Soft Delete vs. DB Archive - relational-database

Suggested Reading
Similar: Are soft deletes a good idea?
Good Article: http://weblogs.asp.net/fbouma/archive/2009/02/19/soft-deletes-are-bad-m-kay.aspx
How I ended up here
I strongly belive that when making software, anything done up front to minimize work later on pays off in truck loads. As such, I am trying to make sure when approaching my database schema and maintenance that it can maintain relational integrity while not being archaic or overly complex.
This resulted in a sort of shudder when looking at the typical delete approach, CASCADE. Yikes, a little over the top for my current situation. I wanted to maintain relational graph integrity, but I didn't want to remove every graph just because one part of the chain was irrelevant. Therefore I chose to go the way of soft deleting to make sure data integrity would remain while records could be removed from relevance. I accomplished this by adding a "DateDeleted" field to every, sigh, table in the database.
Turning Point
However, this is clearly starting to add too much complexity and work to be worth it. I am including logic where it should not go and do not feel like perpetuating these bad practices throughout my whole application. In short, I am going to roll back this implementation.
When looking up weather or not people like soft-deleting, it seems there is a lot of support for it. In fact, the linked "Similar" post up top sports a top voted answer of "I always soft-delete". Moreover, the majority of answers there and around SO include some sort of "isDeleted" or "isActive" type of approach.
New Implementation Idea
The "Good Article" linked covers some of the issues I actually began encountering. It also suggests an alternative to soft-deleting which I found spot on from a best practices standpoint. The suggestion is to use an "Archiving Database", which I had actually considered when looking at soft deleting. The reason I decided against it was because of the point I made earlier about CASCADE deleting. I am wary to remove entire graphs from the database because one part of the chain is removed. However, this graph would be able to be retained at least from the archive so I am not sure that it would be really that terrible.
Crossroads
So, should I just keep adding logic, logic, logic....logic? Or, should I consider making the archival database where most of the logic would simply sit in a very complex graph management class to store / restore relational object graphs? The latter seems to be best practice to me.

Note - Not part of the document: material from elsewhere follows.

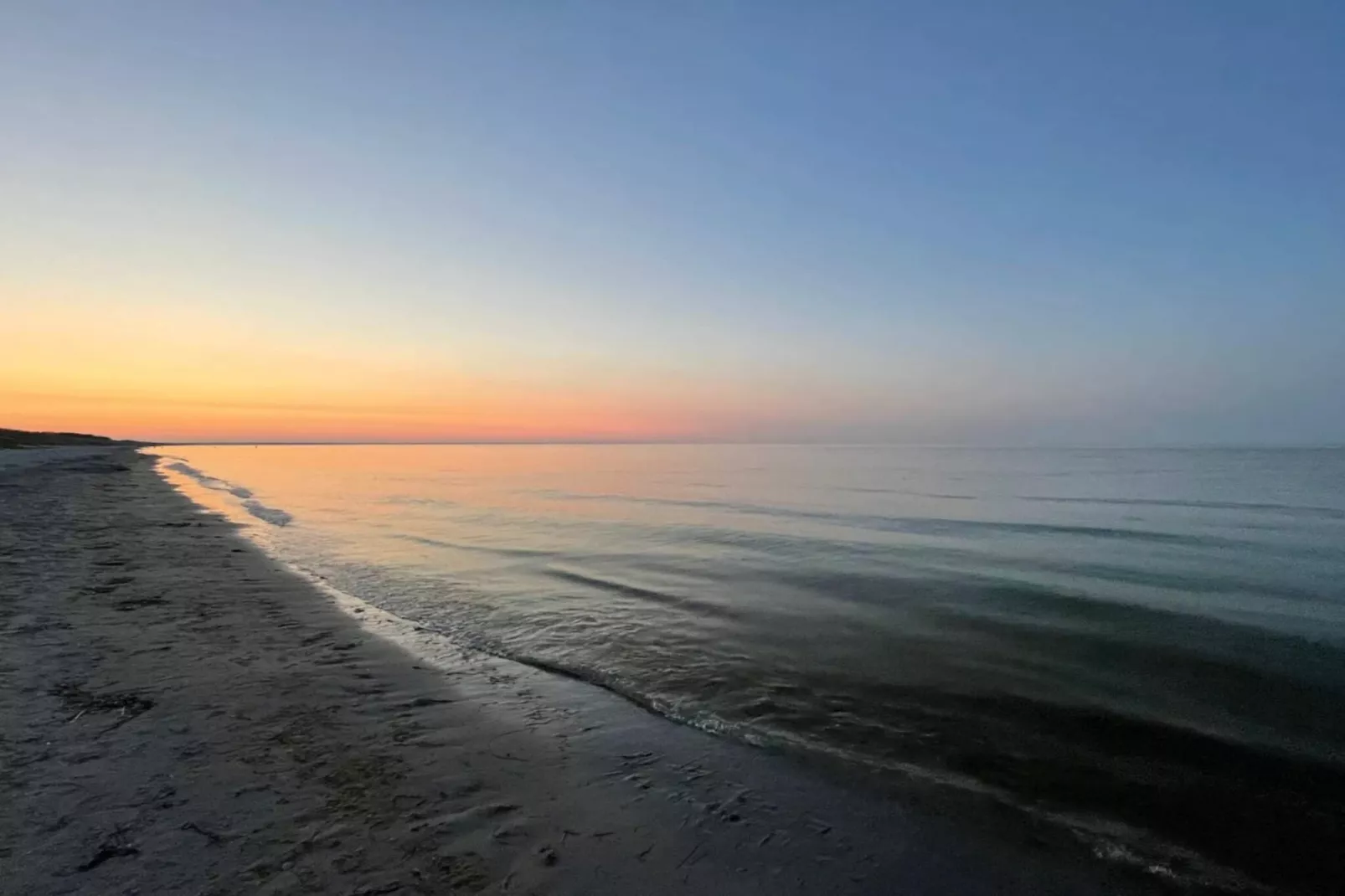 5 Personen Ferienhaus in Jerup-By Traum-Wasserblick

Soft deleting is definitely an easy approach in theory. However, not really much attention is paid to what to do with the data that wasn't deleted. In fact, it is glossed over.
In my opinion this is because the wrong issue is in focus. Not just "what does deleting mean", but what IS being deleted. When a record is to be removed, what is really being removed is a node in a graph - not just a single record. That whole graph integriy is the reason for people to bandaid over the issue with "soft deletes". These bandaid solutions tend to hide the gangrene underneath - a festering problem which only gets worse with time.
What's worse is that in order to accompany the soft delete logic must be included all over (many times breaking various conventions and implementing anti-patterns) to account for the possible breaks in the object graph. Moreover, what kind of business logic is "isDeleted"?!
I believe a very strong solution to this problem, the problem of removing an object while retaining the referential integrity of the object graph, is to use an archival pattern. On delete of an object, the object is archived then deleted. The archive database, a mirror database with meta data (temporal database design can be used and is very relevant here), would then receive the object to be archived and restored if necessary.
This makes it very direct to avoid listing or including a deleted object as the relevant database will no longer hold it. Now, the same logic which was applied looking for "isDeleted" "isActive" or "DeletedDate" can be applied in the correct place (Not all over the place) to foreign keys of retrieved objects. When a foreign key is present, but the object is not, then there is now a logical explanation and a logical set of options. Display that the containing object was deleted and some course of action: "Restore, Delete Current Containing Object, View Deleted". These options can be either chosen by the user, or explicitly defined in code in a logical manner. Depending on how advanced the archival database is, perhaps more options exist such as who deleted it, when, why, etc. etc.

Related

Downside of having string properties in service contracts that can contain a full json model

We are working with a DDD framework in our company. We are changing a lot of core things in our API because we are still growing and we are still in our enfant phase when designing a good API.
The problem is that there are alot of flows already in the same api. Which are not compatible with eachother.
We have an order service and a product service.
Normally when the product model radically changes, we have a major impact in the order model.
Now im here listing all kind of red flags which should never happen but I simply dont have control over how it needs to be done. That is pretty much management pushing for a fast solution. And leading to bad shortcuts...
The way is has been decided to overcome that Order needs to adapt constantly. They made a property in the orderline called productConfiguration. This is in the contract of the service and is direcrtly translated as is in the DB tables. This contains the product model that can change. In json format.
For me its very clear that this is very dangerous to do this. Because i nthe end you need to change this json into an actual object. So you just move the restrictions from the service contract to code logic. Which makes it worse cause it will only cause an issue at run time...
Are there other major things I just know about, so I can bring it to the table to avoid this way of working...
Using strings that are directly converted into DB tables is not just in your opinion a bad design. It's an opinion shared by a lot of us.
What do you do when an object changes? For example, the new one requires an attribute that the old one didn't had. How do you manage this situation? I suppose that you've to change everything, including the objects stored before. Or build a kind of transformation layer where you translate objects from the old to the new design. A lot of extra work.
Anyway, given that the two domains are separated, what are the information that change so much and require such a design? I mean, for most of the things you could know at the beginning what do you need for your part of the domain. For the rest, I would prefer to have a kind of service that given an Id gives you the information from the other domain. You can change this service (here could be also json obj, if nothing than just showing is required) and adapt to your/their needs. But, it's just a solution that comes from my limited knowledge of your processes.
Other ways are also possible, as long as you can always understand which version of the design are you using.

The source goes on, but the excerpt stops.